Most Pennsylvanians felt that they had suffered under this system, so the solution they developed was a unicameral (or one house) legislature and an executive with no veto power. Highly radical for the time, the new constitution also allowed nearly all adult men to vote, including free African-American males (a right they held in Pennsylvania until 1837). As Bouton relates, many of the framers of the 1776 constitution wanted to go even further and include a clause allowing the state to insure equality by confiscating wealth from extremely rich people. That clause had declared that, “future legislatures of this State should have the power of lessening property when it becomes excessive in individuals” because concentrations of wealth were “a danger to the happiness of mankind.” The measure was voted down, however. Though the majority of the state constitutional convention may have embraced “leveling principles,” as one delegate put it, most of them were still landed gentlemen who objected to property confiscation. Instead, they believed that government could equalize wealth by less coercive means — although the constitution would remain silent on what those means should be.
One Pennsylvanian was horrified by this unleashing of democracy and the “leveling spirit” and became determined to overturn it. Most Americans have probably never heard of Robert Morris but he was one of the iconic figures of the Revolution. Today, his image adorns the inside of the dome of the Capitol building: he is depicted as the heir of Mercury, god of commerce, in the Brumidi fresco, The Apotheosis of Washington. As Bouton points out, the giant image of Morris on the Capitol ceiling ably captures his larger than life persona. Heavy and six feet tall, he was a man whose physical attributes reflected his ambition.
In the words of Bouton:
“As a merchant, he was a king among princes, so aggressive in his dealing that he took risks others would not dare — such as when he single-handedly tried to corner the nation’s tobacco market. When Morris built his dream mansion, it was so palatial in scope that it was never completed and came to be called ‘Morris’s Folly.” When he invested in land, Morris leveraged his fortune to buy at least 6 million acres, a gamble that would leave him in debtors’ prison when the speculative bubble burst in the 1790s.”
In 1775, the Continental Congress appointed Morris chairman of its secret Committee of Trade, which controlled war-related spending. He used the position to direct nearly a million dollars’ worth of business through his own mercantile firm and other businesses in which he had an interest.
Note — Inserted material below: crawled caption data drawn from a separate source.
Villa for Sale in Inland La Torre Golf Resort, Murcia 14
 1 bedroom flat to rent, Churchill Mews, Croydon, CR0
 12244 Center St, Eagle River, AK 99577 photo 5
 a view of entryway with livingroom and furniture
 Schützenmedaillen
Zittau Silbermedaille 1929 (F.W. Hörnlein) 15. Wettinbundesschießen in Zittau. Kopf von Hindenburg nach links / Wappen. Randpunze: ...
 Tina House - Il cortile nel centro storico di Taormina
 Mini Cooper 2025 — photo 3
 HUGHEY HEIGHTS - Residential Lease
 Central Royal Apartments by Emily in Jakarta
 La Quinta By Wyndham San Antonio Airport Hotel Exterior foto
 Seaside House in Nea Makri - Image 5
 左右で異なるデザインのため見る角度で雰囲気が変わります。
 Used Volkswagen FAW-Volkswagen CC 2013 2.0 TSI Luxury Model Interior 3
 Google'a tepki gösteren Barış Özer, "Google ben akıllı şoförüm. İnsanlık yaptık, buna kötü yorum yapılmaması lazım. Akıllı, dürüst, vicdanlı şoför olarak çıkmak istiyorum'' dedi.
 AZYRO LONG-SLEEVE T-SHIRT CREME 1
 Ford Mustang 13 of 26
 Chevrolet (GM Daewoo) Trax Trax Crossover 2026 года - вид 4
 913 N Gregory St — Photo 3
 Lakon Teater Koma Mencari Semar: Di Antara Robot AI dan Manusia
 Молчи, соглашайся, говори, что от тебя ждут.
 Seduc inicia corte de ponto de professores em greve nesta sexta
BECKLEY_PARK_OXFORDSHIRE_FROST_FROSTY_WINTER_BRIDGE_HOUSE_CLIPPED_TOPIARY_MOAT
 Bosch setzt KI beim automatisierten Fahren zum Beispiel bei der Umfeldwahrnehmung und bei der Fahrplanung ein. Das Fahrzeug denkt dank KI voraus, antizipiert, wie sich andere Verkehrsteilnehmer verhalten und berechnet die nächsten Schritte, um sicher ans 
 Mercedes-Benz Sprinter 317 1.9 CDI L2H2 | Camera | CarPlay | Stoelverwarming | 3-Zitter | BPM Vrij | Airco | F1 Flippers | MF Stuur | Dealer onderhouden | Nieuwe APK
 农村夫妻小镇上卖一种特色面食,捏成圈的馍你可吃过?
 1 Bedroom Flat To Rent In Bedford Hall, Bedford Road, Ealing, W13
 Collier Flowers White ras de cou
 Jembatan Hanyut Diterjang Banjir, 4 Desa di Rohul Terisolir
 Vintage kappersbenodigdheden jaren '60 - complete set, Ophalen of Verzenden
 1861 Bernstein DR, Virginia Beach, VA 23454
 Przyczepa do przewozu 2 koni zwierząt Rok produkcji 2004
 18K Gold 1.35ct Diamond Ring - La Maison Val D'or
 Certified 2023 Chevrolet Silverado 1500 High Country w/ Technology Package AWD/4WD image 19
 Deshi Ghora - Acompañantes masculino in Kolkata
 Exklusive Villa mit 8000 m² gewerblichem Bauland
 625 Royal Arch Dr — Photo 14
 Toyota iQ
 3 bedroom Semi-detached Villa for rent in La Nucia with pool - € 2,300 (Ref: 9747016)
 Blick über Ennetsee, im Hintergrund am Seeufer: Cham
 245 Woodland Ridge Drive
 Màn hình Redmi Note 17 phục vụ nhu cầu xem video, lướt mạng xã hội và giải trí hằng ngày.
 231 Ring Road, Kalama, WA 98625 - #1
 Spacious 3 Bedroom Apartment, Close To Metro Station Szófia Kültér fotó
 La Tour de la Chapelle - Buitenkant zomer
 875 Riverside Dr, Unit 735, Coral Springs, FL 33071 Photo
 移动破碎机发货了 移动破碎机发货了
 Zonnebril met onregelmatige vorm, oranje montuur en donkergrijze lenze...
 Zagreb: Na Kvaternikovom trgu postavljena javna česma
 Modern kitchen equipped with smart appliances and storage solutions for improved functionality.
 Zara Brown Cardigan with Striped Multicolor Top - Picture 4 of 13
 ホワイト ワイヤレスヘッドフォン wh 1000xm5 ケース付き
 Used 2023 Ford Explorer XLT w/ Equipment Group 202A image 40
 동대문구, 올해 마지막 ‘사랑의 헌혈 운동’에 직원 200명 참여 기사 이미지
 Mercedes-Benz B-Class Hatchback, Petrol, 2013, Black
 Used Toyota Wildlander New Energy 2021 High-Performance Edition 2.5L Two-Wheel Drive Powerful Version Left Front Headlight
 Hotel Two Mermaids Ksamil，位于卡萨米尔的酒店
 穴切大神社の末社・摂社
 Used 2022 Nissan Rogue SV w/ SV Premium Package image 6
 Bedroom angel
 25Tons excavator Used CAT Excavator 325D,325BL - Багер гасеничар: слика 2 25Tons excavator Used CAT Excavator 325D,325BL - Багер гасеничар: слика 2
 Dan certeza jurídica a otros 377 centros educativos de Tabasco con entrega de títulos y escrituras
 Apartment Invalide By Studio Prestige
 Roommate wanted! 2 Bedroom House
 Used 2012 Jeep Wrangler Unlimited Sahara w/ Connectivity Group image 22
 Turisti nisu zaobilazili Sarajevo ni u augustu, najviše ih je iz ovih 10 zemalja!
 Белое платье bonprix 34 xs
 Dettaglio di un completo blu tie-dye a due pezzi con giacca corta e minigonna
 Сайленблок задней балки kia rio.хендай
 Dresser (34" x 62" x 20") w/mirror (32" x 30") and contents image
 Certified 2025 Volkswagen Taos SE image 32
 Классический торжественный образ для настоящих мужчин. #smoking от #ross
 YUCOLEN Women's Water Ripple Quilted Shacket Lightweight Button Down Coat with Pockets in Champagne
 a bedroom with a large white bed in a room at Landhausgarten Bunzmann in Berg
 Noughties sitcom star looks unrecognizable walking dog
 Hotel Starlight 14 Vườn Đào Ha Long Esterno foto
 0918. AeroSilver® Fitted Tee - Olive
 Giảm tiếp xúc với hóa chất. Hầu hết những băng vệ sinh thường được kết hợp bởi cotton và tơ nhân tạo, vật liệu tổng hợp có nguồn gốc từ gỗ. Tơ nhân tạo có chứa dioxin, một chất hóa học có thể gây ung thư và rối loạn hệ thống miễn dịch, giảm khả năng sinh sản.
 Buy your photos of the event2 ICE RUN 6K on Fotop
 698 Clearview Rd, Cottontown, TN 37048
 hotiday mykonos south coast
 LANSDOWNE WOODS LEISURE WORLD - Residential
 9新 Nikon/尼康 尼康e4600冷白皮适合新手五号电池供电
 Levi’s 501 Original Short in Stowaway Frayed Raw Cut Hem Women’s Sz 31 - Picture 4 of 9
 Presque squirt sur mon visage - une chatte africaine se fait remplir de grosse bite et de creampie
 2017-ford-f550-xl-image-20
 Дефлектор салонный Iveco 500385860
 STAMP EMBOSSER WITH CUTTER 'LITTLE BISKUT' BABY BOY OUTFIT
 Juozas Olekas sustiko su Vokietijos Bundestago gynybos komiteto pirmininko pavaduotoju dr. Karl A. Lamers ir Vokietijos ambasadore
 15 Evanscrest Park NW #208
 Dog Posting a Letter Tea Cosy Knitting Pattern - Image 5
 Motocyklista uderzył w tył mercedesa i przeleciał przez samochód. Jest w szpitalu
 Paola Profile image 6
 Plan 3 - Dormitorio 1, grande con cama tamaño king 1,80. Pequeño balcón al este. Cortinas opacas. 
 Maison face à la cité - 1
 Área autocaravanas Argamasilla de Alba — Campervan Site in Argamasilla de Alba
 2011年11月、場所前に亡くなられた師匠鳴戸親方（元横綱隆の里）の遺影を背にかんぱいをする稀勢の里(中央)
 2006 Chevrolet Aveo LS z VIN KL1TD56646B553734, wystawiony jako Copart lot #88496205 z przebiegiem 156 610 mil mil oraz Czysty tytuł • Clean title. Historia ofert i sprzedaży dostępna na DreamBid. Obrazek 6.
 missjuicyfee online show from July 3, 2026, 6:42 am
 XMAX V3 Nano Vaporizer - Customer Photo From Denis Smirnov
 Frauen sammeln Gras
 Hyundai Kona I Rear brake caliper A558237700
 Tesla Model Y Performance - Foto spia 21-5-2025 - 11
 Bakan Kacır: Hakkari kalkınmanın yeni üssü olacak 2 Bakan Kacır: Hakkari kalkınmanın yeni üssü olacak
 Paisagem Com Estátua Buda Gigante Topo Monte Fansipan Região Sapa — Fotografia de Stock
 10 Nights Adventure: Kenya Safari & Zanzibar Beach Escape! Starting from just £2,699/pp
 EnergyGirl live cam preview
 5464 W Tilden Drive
He used government ships to transport his private cargo free of charge to markets in the West Indies and Europe. If the ships sank or were captured, the public subsidized Morris for his private losses. In all of these ways — and critics alleged the he also embezzled another $80,000 — Morris used the government to turn himself into probably the wealthiest man in America and the most powerful, aside, perhaps, from George Washington. According to Bouton, “the degree of authority he possessed over the economy was probably never matched in the subsequent history of the United States.”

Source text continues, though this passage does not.